Local communities already have the ability to approve charter schools. In fact, there are already 110 charter schools in Georgia, Johnson said. However, if the amendment passes, the ultimate decision won’t belong to the voters.

“If we, as a local system here, rejected a charter application, for whatever reason, then that group of individuals trying to create a charter school in our community and in your community could appeal that to the state board,” Johnson said. “There is already an appeal process out there that would allow somebody who was rejected at the local level to go beyond the locals. We don’t need a separate state commission to do it.”

Those who oppose the amendment, he said, are not against charter schools, but against state government control of local tax dollars.

“This is not against charter schools,” he said, adding that charter schools are able to waive some state laws and local policies that public schools cannot. “For-profit charter schools are not responsible to students or parents, but instead to a group of shareholders. They’re doing this to make money.

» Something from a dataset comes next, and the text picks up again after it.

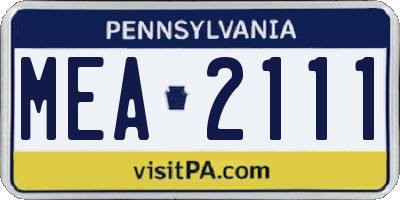 PA license plate MEA2111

We want to protect voter control of local schools with locally elected boards.”

The amendment is also taxation without representation, he said.

“They’re going to take money out of the state budget and fund these charter schools and we’re not going to have any say-so on where that money comes from or where it goes,” he said.

Because Georgia only has a certain amount of money in the first place, the money would be taken through budget cuts that will cause public education to suffer, Johnson said

“It’s going to come out of public education,” he said. “They’ve already taken, in the past three years, $3 billion out of funding they give public education basically through austerity cuts … and we’ve got an additional $1 billion coming out this next year as well.”

John Zauner, deputy executive director of the Georgia School Superintendent’s Association, explained a graph to the educators that depicted how much money has been taken from public school funding since 2003. The figures used came from the Georgia Department of Education and are available on the website, he said.

Factoring in austerity cuts, the financial additions through the American Recovery and Reinvestment Act, as well as equalization cuts, the total losses come to approximately $6,785,704,294 since 2003.

“The way you can measure that is two-thirds of the school systems now have less than 180 (school) days,” Zauner said after the presentation. “We have some in our state that have 140 days of kids going to school because they don’t have the money to fund school days any longer,” he said, adding that those students are at an educational disadvantage in the long run.

“$6.7 billion from 2003 to present,” Zauner repeated to the educators. “I think that’s important to understand that piece because whether (or not) we say it’s about the money, there’s the proof. It’s about the money. Where did all that go? Did it evaporate? I’m sure it was shifted, for the most part. I’m sure some were cuts, but I’m sure it was shifted.”